[RFC?] Store to load forwarding

Hi everyone,

I’d like to discuss the need and feasibility of generic dataflow optimizations in MLIR.

It appears that everyone around here is doing some sort of store to load forwarding optimization:

  • Core LLVM has a mem2reg pass
  • Affine dialect has AffineScalarReplacement pass
  • flang has MemRefDataFlowOpt MemRefDataFlowOpt

It appears, that for the most part these optimizations do the same thing: they discover some store-like operations and try to promote them to nearest load operations.

And it seems like store/load semantics can be represented with an interface: all these operations may have some sort of subscript operator, i.e. we can get a list of indices to load/store data to; they have some sort of base memory reference to calculate the final address from; stores have some scalar-like value to write to the memory.

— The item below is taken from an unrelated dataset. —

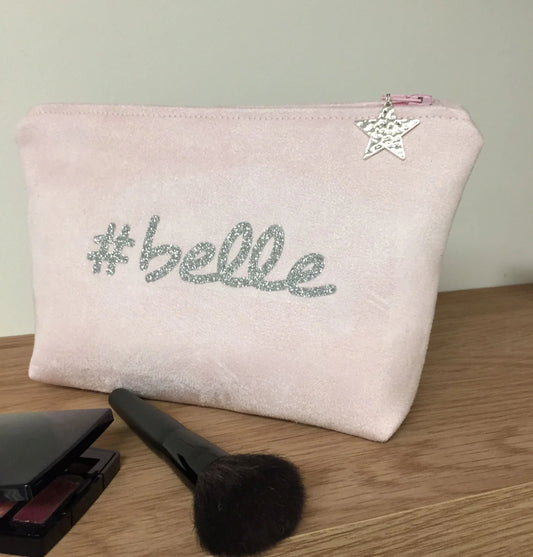 La pochette à maquillage rose pastel belle à paillettes argentées.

So, I’m wondering if there’s any reason for these passes to be separate? Would it make sense to add a new interface to MLIR, make dialects implement it, and add a generic mem2reg pass? Would it be beneficial to anyone?

1 Like

+1 for me, having something much more general here would be most welcome!

1 Like

That be nice to design and implement!
Some difficulty with this may be in the lack of alias analysis, or even proper memory semantics defined around aliasing and things like “volatile” or “atomic”.

That and also operations like getelementptr or AccessChain. But I think both can be solved to some extent with proper interfaces, and MemRefDataFlowOpt is a good enough baseline for the first implementation.

1 Like

This isn’t just a mem2reg. It can also eliminate multiple redundant loads. The actual techniques and mechanics to do the forwarding would also be quite different (with affine load/store ops) from the other two you have in the list – standard SSA mem2reg and flang’s. Using an interface could at least merge the latter two and that would be great. MLIR is separately is missing a mem2reg pass on its memref/CFG form.

Polygeist has a mem2reg pass that works on MemRef and LLVM dialect in presence of SCF control flow. The code is here Polygeist/Mem2Reg.cpp at main · llvm/Polygeist · GitHub and needs a bunch of cleanup, but it is pretty robust in practice.

@wsmoses @lorenzo_chelini


For our mlir python compiler we have memorySSA anlysis for memrefs and some store to load forwarding and dead store elimination transforms based on it.


But they are not very extensively tested and not ready for upstream.

It’ll be great to have this upsream.